この辺は、三国・明鏡・新明解の3冊の中では三国だけが実際の使われ方を記述しようと頑張っています。(岩波は見ていません。どうせないでしょうから。)

  

  三国

   ダブリューW ①ワールド〔=世界〕の略字。「-杯〔=ワールドカップ〕」②ウイーク〔=週〕の略字。「G-〔=ゴールデンウイーク〕」③ウエスト〔=腰まわり〕の略字。④〔←warai=笑い〕〔俗〕〔インターネットで〕(あざ)笑うことをあらわす文字。「まさかwww」〔二十一世紀になって広まった使い方〕     

  明鏡  
      女性。また、女性的な要素。woman の頭文字から。 

  新明解
   【W】〔woman の頭(カシラ)文字〕女性(的要素)。⇔エム(M)

 

三国は、「笑い」を書いたのはいいのですが、それよりも先に「west 西」を書くべきでしょう。

 

  三国 

   エックスX ①[x]未知数をあらわす記号。まだわかっていない<数/ものごと>。未知数。

   明鏡     未知・未決定の事柄。未知数。 

  新明解

      【X・x】①〔数学で〕未知数を表わすために最もよく用いる記号。②未知の(不確定な)数や事物。エッキス 。③〔ローマ数字で〕「十」を表わす記号。  

  岩波! 未知であるもの。▽アルファベットのxを未知数の記号に使うことから。

 

「X軸」の「X」はどういう意味なのでしょうか。「未知・不確定」ではないでしょう。

新明解はここで「ローマ数字」を 言うなら、「V」のところでも「五」を表すことを書くべきでしょう。

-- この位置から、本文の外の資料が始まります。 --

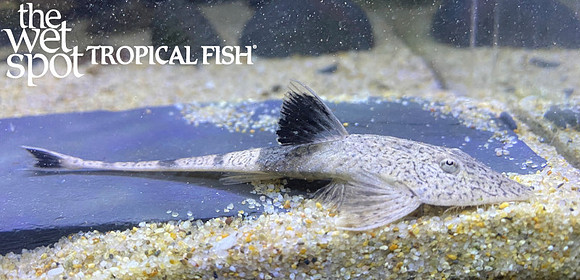 Rineloricaria eigenmanni "Whiptail Cat" "Colombia"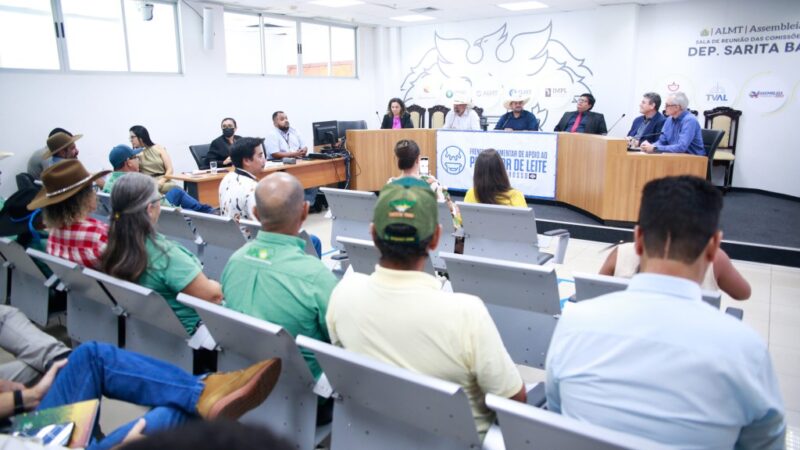 Frente parlamentar busca cumprimento de regras para discriminação de similares de produtos lácteos feitos com queijo e leite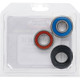 Pivot Works Pw Premium Wheel Bearing - 25-1160-P Photo - Primary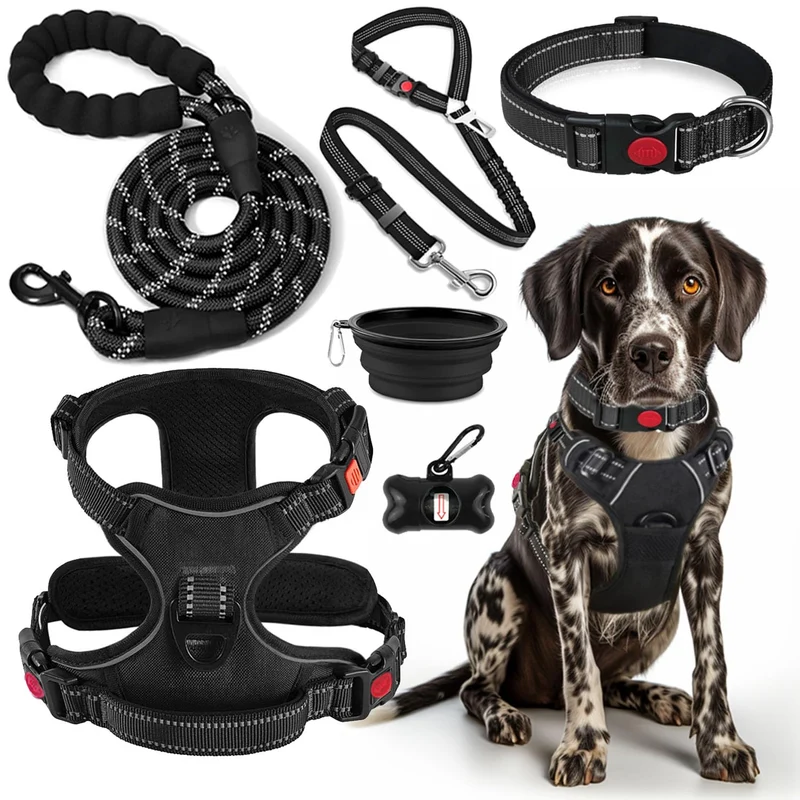 Lobeve Harnais Sans Tirage pour Chiens – Ensemble Laisse, Collier et Accessoires | Promenade, Entraînement et Randonnée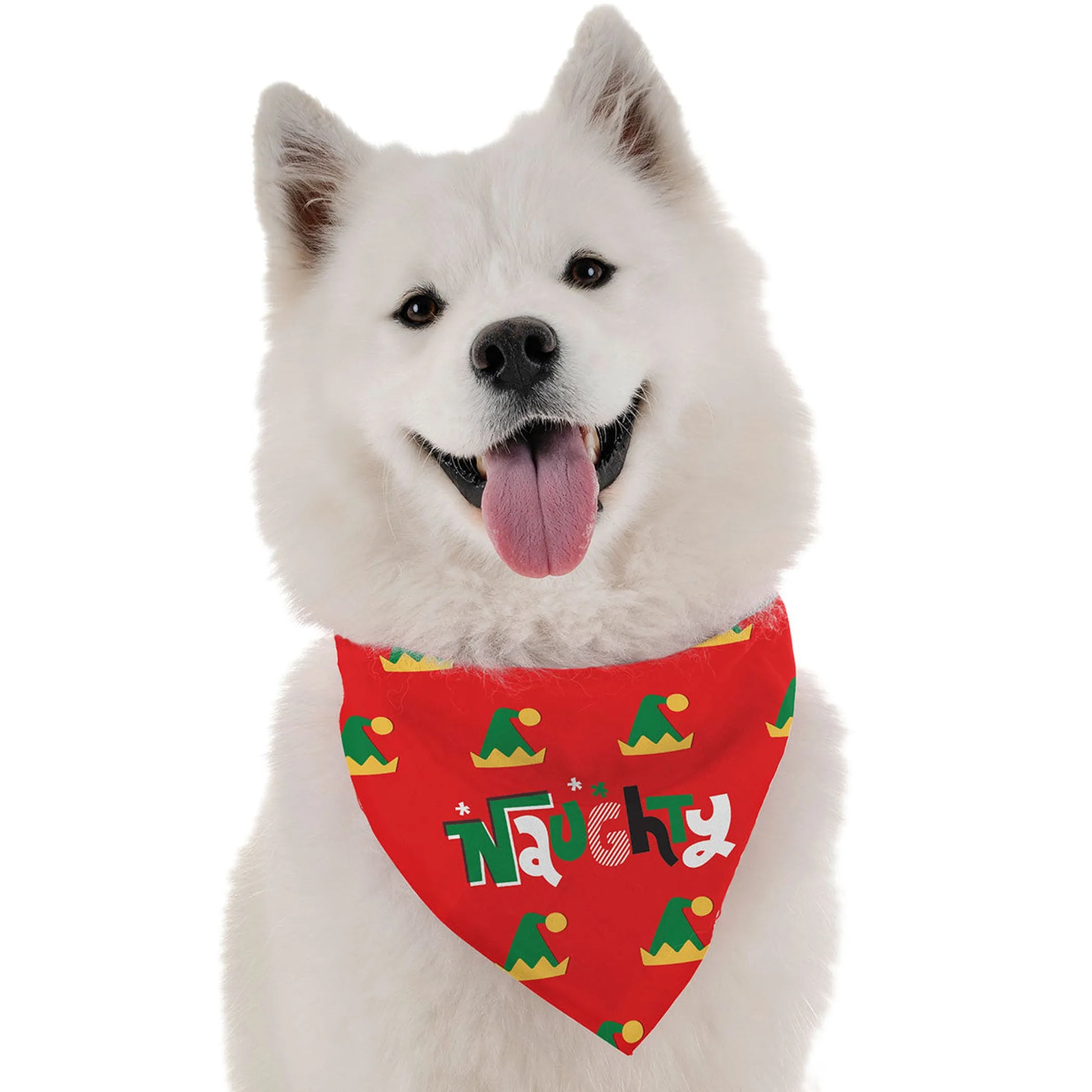 Naughty - Your Pet Connection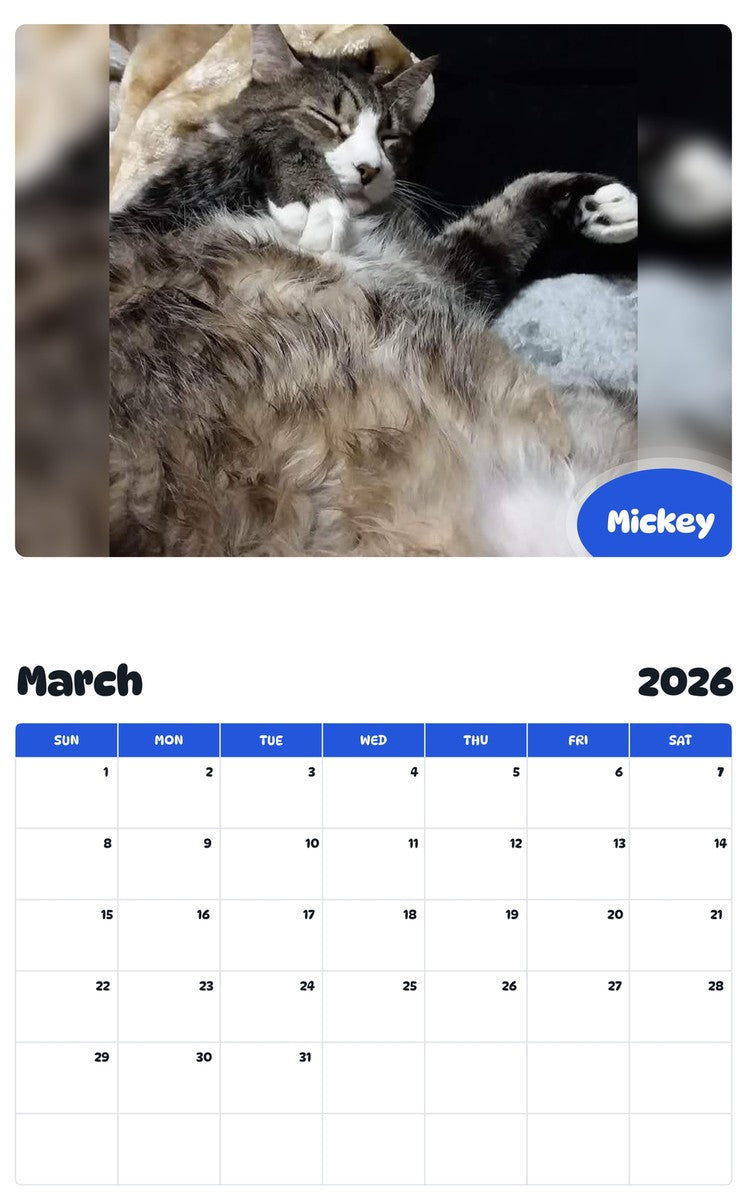November 2025 - October 2026 Mickey - Pawidols Pet Calendar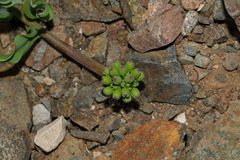 Bomarea ovallei, photograph (c) Jorge Herreros de Lartundo, some rights reserved (CC BY)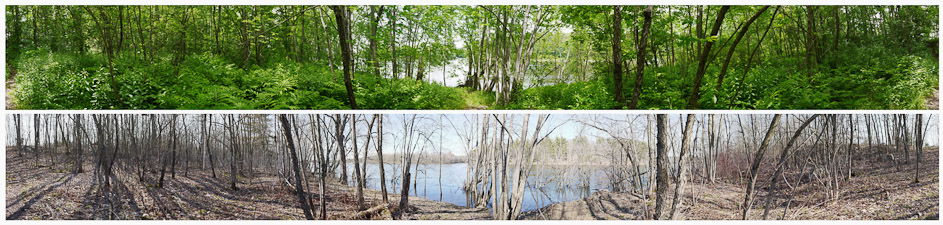 Path to River, Durham River Park June and April (dual 360 degree views), 2010 Michael Kolster Androscoggin River (ME) archival pigment print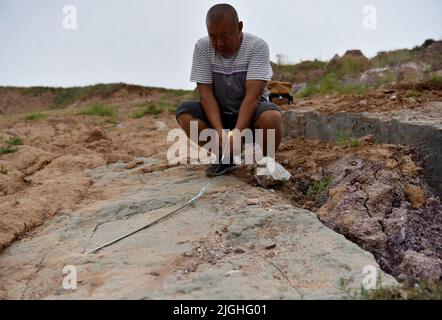 ZHANGJIAKOU, CHINA - 11. JULI 2022 - Mitarbeiter messen Dinosaurier-Fußabdrücke an der Fossilienstelle des Dorfes Lishi, Stadt Guocun, Bezirk Xuanhua, Zha Stockfoto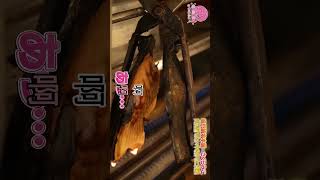 不愧是35！傳承了火烤就是美味 #hololive #ホロライブ #vtuber #さくらみこ #micomet #ホロライブ #さくらみこ #みこにゅーす #ホロライブ #さくらみこ #みこにゅーす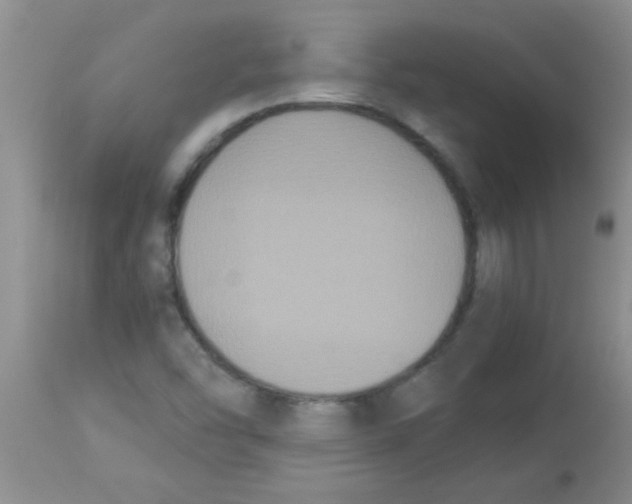 X0000113951454200910231955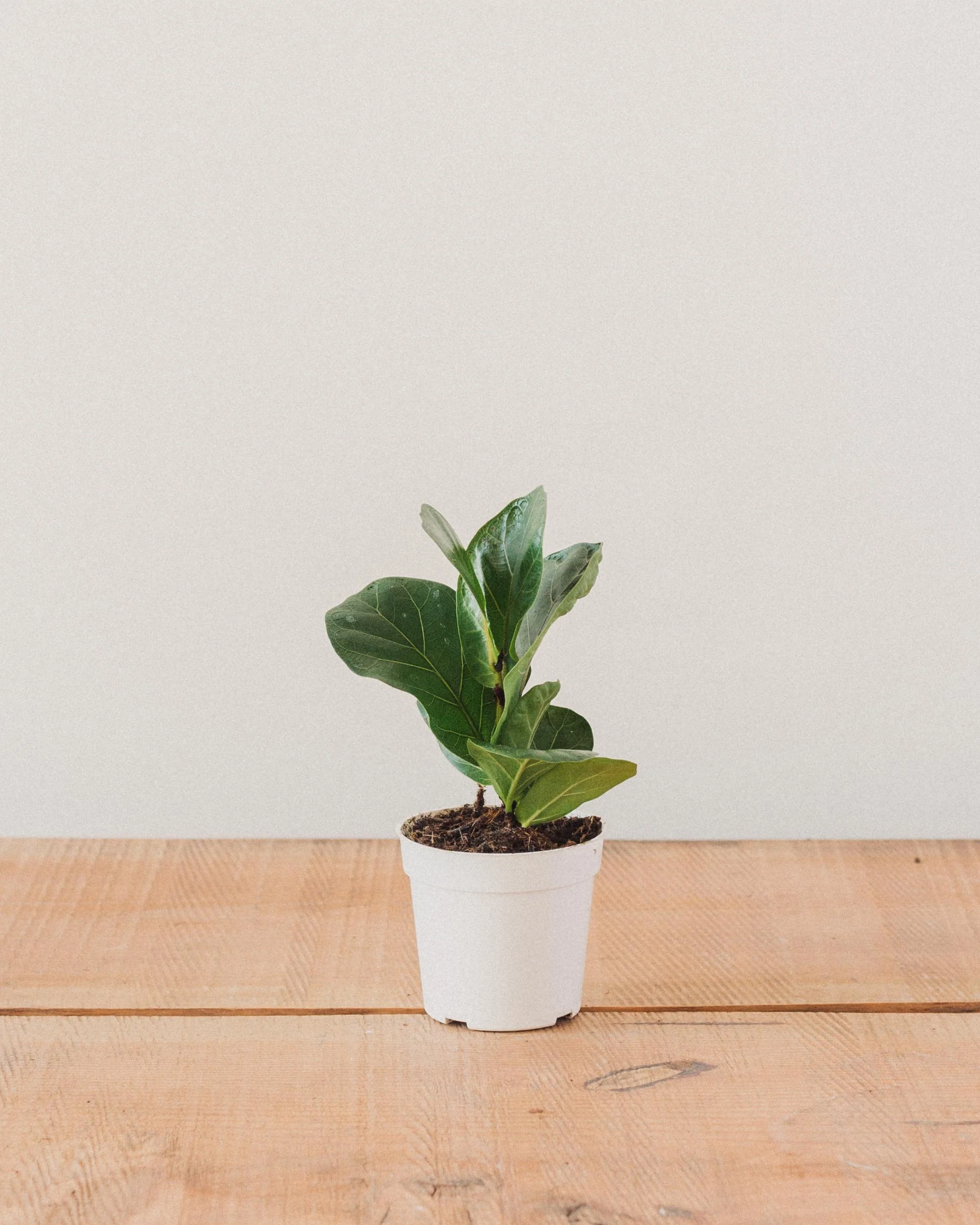 Ficus lyrata, "Fiddle Leaf Fig" - Image 9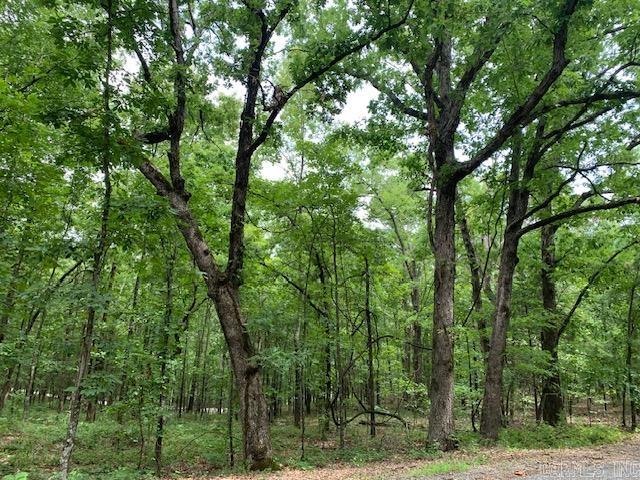 Lots 44 & 45 Lakeview  Heber Springs, AR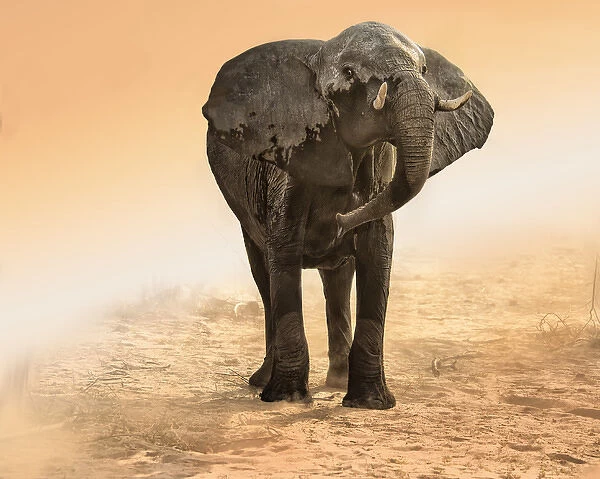 elephant in dust and sunglow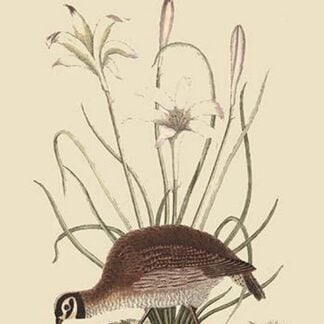 Partridge or American Coq by Mark Catesby
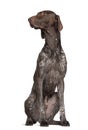 German Shorthaired Pointer, 4 years old, sitting Royalty Free Stock Photo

岩波は「エックス」だけは日常的な日本語として認めています。

 

「Y」はこれらの辞書にはありません。「Z」も。

テレビで放送大学をやっていて、「エックス二乗プラスワイ二乗イコールいち」と聞こえてきたら、これは(多くの?)日本人に分かりうる日本語ではないでしょうか。それが意味することはともかく、日本語のことばとしては。

また、「Y軸」は「X軸」とセットで、中学生・高校生には必須の数学用語です。

Z(小文字のz?)は、第三の未知数としても使われます。
  

どうしてこれらの4冊の国語辞典は、アルファベットの日本語の中での使用にもっと注意深くないのでしょうか。(この4冊以外の国語辞典については、また調べてみます。)